Marinating

The only way to get flavor through the entire piece of meat

Seasonings and oils are great, but they only touch the surface of your food. If you want flavor that goes all the way through the meat — not just a tasty outside with a bland inside — marinating is how you get there. It's one of the simplest techniques in cooking, and it's also one of the most powerful for turning basic proteins into something you actually look forward to eating.

Why Marinades Work

When you season a piece of chicken and throw it straight in the pan, the flavor stays on the outside. The inside is just plain meat. A marinade changes that. By soaking your protein in a flavorful liquid for hours, the flavors have time to penetrate deeper into the meat. Acids like vinegar and citrus juice help break down the outer layers, creating pathways for flavor to get in. Oils carry fat-soluble flavors along with them. The result is meat that tastes good all the way through, not just on the surface.

Timing Matters — A Lot

Different proteins need different marinating times, and this is where a lot of people go wrong. Chicken and pork can handle long marinades — overnight in the fridge is perfectly fine and actually ideal. The meat is dense enough to absorb flavor slowly without breaking down. Fish is a completely different story. Acidic marinades will start to chemically 'cook' the outside of fish — that's literally how ceviche works. If you're marinating fish, keep it short: thirty minutes to an hour at most, depending on the acid level. Go longer and the texture turns mushy and unpleasant.

The Ziploc Bag Method

The best way to marinate is dead simple: put your protein and the marinade into a Ziploc bag, squeeze out as much air as you can, seal it, and lay it flat in the fridge. Why a bag instead of a bowl? Because the bag conforms to the shape of the meat, keeping it in full contact with the marinade on all sides. No wasted marinade pooling at the bottom of a dish while the top sits dry. Squeeze out the air so the marinade surrounds every surface. Lay it flat so everything marinates evenly. That's it.

Dry Before You Sear

This is a step most people skip, and it makes a huge difference. When you pull chicken or pork out of a marinade, the surface is wet. If you throw it straight into a hot pan, all that moisture creates steam instead of allowing the meat to make direct contact with the pan. Steam means no sear, no crust, no browning. Take the protein out of the marinade, pat it dry with paper towels, and then cook it. You'll still have all that flavor from the hours of marinating — but now you'll also get a beautiful sear on the outside.

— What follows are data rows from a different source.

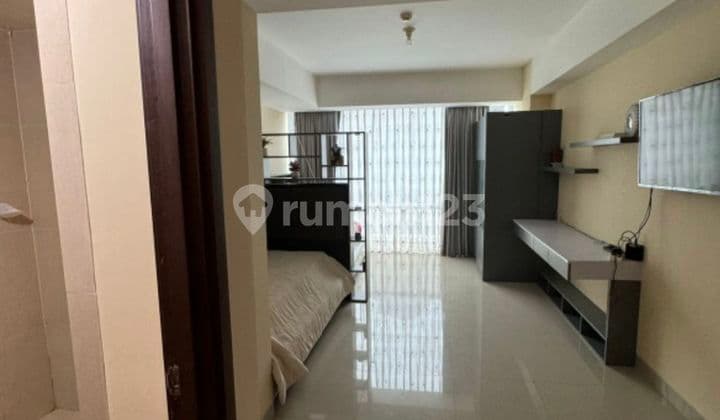 For Sale U Res Apartment Karawaci in Front of UPH Campus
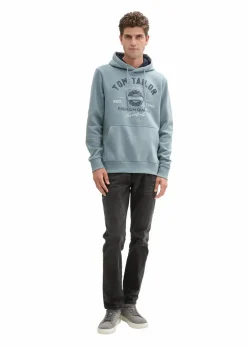 Herren Tom Tailor Große Größen|Marken|Hoodie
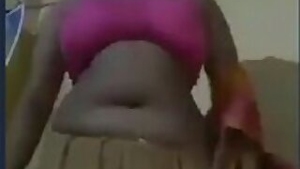 Desi village wife very hot fingering pussy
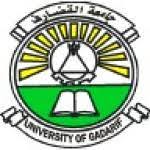 University of Al Qadarif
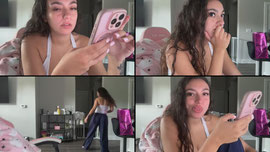 Day in a life with me :)
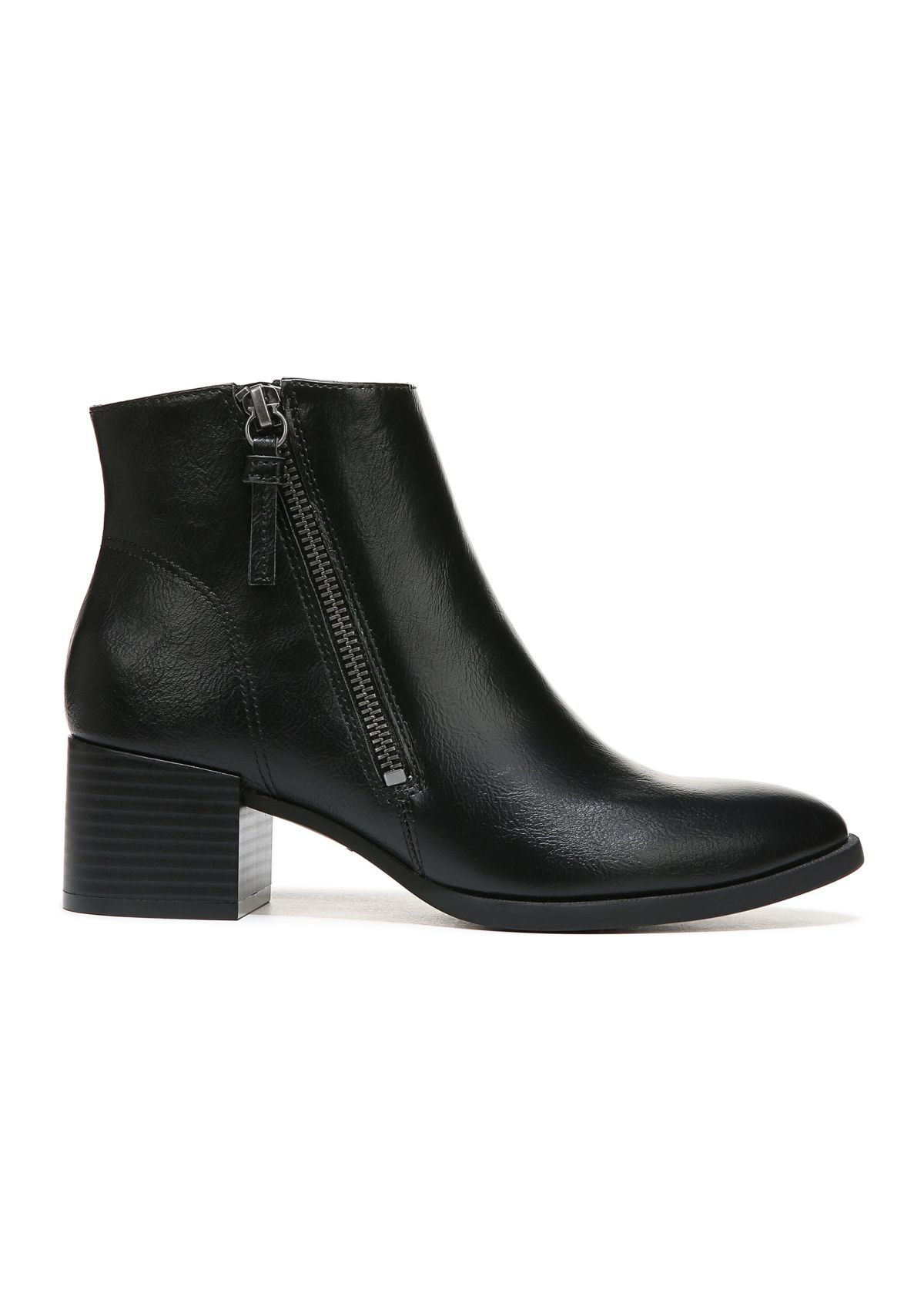 Dynasty Ankle Bootie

Turn Your Marinade Into a Sauce

Here's a pro tip that most home cooks don't know about: you can take the leftover marinade and cook it down into a sauce to serve alongside the finished protein. Since the marinade had raw meat in it, you need to bring it to a full boil and let it reduce. But once it's cooked down, you've got a sauce that perfectly complements your protein — because it's literally made from the same flavors. Double duty from one marinade. It's efficient and it tastes incredible.

Building Blocks in Action

This ties directly into the building block philosophy. Take one protein — say chicken thighs — and make five different marinades: teriyaki, lemon herb, jerk seasoning, chipotle lime, and garlic butter. Same cut of meat, five completely different meals. Marinades can include acids like vinegars and citrus juices, oils, dry seasonings, sauces like soy sauce or hot sauce — the combinations are endless. Once you understand the basic formula of acid plus oil plus seasoning, you can start experimenting and creating your own marinades without ever looking at a recipe.

Quick Tips

  • Chicken and pork can marinate overnight. Fish should be 30 minutes to an hour max.
  • Use a Ziploc bag with the air squeezed out for the most even coverage.
  • Always pat the protein dry before cooking to get a proper sear.
  • Boil leftover marinade down into a sauce — double duty from one prep step.
  • The basic formula: acid + oil + seasoning. Start there and experiment.